##### Data for this exercise #####
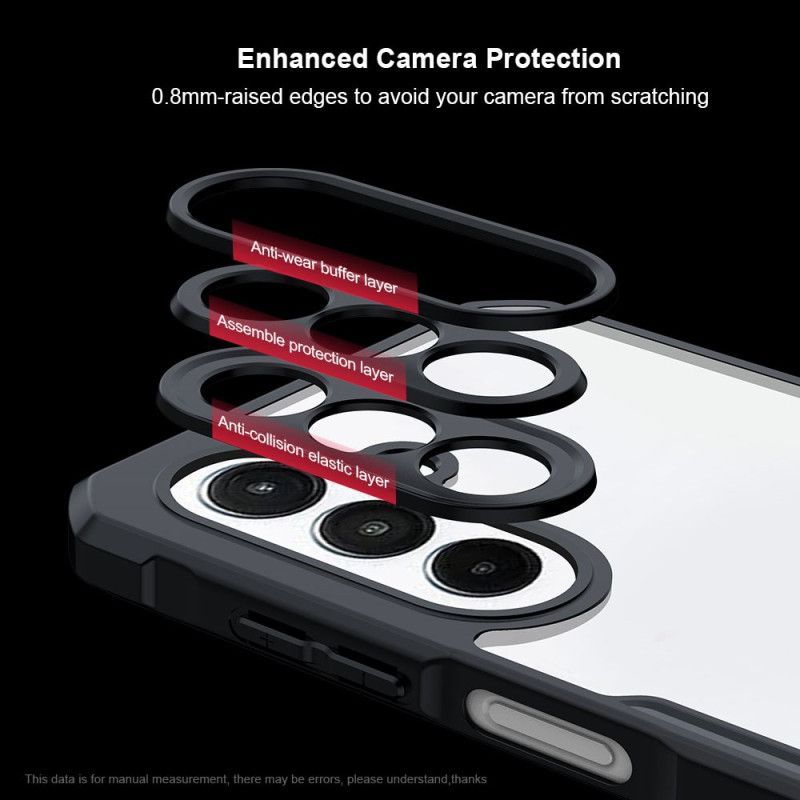 Coque Samsung Galaxy A17 4G / 5G XUNDD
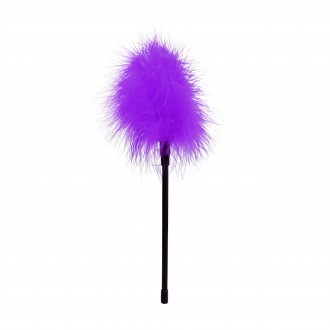 OUCH! FEATHER DUSTER PURPLE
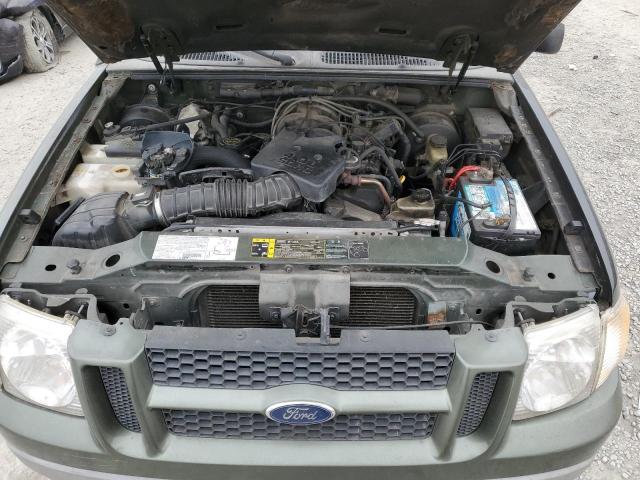 Photo 11 from auction – 2003 FORD EXPLORER S with VIN 1FMZU67E63UA37868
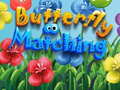 遊戲Butterfly Matching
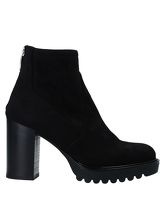 QUATTROCCHI Ankle boots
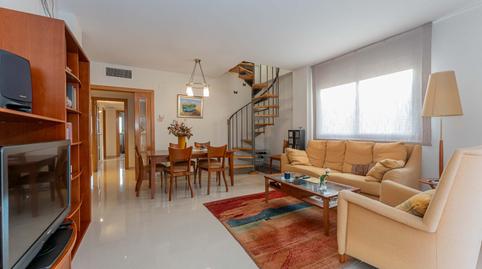 Foto 2 de Ático en venta en Els Canyars, Barcelona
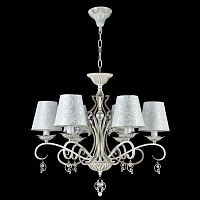 подвесная люстра maytoni monile arm004-06-w в Сочи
#####
> [Try it]: Word-for-word restatement: every line from the one with "遊戲Butterfly Matching" through the final line of the data, both ends included, pictures excluded.

> [Answer to this exercise]:
 遊戲Butterfly Matching
 QUATTROCCHI Ankle boots
 Foto 2 de Ático en venta en Els Canyars, Barcelona
 подвесная люстра maytoni monile arm004-06-w в Сочи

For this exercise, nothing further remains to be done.